:: AVAILABLE DATA ::

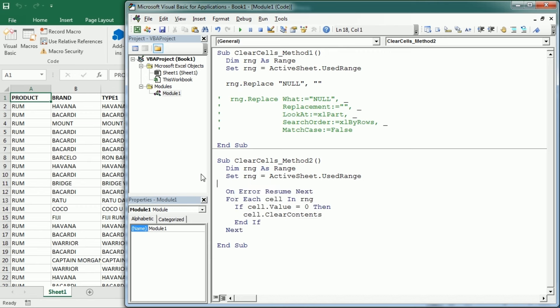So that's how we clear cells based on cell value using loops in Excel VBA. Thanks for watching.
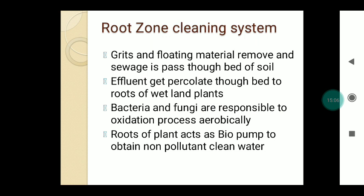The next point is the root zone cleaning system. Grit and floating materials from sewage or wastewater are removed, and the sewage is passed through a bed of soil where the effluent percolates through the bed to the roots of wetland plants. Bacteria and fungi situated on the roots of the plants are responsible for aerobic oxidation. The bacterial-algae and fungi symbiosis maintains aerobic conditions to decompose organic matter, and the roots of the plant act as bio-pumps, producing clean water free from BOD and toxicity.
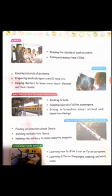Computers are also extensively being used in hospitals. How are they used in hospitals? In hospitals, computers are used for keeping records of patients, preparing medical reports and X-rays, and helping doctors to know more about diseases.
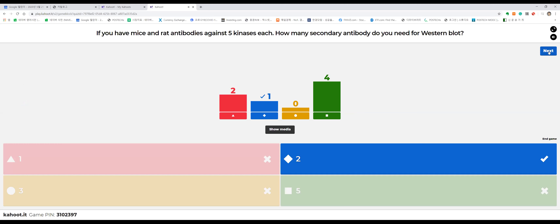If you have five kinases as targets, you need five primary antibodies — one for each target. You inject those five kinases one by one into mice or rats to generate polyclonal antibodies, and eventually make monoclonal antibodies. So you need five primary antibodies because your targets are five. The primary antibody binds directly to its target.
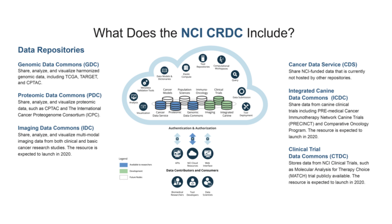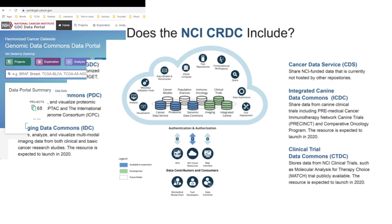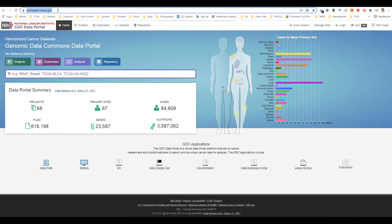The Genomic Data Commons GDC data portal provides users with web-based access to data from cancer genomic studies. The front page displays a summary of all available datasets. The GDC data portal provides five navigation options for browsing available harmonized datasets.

:::
:: AVAILABLE DATA ::

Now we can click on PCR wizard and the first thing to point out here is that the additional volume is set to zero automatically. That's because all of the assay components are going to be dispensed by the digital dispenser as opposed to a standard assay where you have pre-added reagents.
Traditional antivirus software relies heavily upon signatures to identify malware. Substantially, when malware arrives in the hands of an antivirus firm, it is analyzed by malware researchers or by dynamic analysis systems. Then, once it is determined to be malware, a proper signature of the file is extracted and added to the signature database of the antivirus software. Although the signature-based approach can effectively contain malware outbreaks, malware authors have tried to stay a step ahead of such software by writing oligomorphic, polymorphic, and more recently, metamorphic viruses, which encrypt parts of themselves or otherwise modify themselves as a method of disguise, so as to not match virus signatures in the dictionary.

:::

▸ **EXERCISE**
Copy exactly the lines of the entries above from the one containing "So that's how" through the one containing "The Genomic Data". Both end lines count; pictures do not.

▸ **COMPLETED EXERCISE**
So that's how we clear cells based on cell value using loops in Excel VBA. Thanks for watching.
The next point is the root zone cleaning system. Grit and floating materials from sewage or wastewater are removed, and the sewage is passed through a bed of soil where the effluent percolates through the bed to the roots of wetland plants. Bacteria and fungi situated on the roots of the plants are responsible for aerobic oxidation. The bacterial-algae and fungi symbiosis maintains aerobic conditions to decompose organic matter, and the roots of the plant act as bio-pumps, producing clean water free from BOD and toxicity.
Computers are also extensively being used in hospitals. How are they used in hospitals? In hospitals, computers are used for keeping records of patients, preparing medical reports and X-rays, and helping doctors to know more about diseases.
If you have five kinases as targets, you need five primary antibodies — one for each target. You inject those five kinases one by one into mice or rats to generate polyclonal antibodies, and eventually make monoclonal antibodies. So you need five primary antibodies because your targets are five. The primary antibody binds directly to its target.
The Genomic Data Commons GDC data portal provides users with web-based access to data from cancer genomic studies. The front page displays a summary of all available datasets. The GDC data portal provides five navigation options for browsing available harmonized datasets.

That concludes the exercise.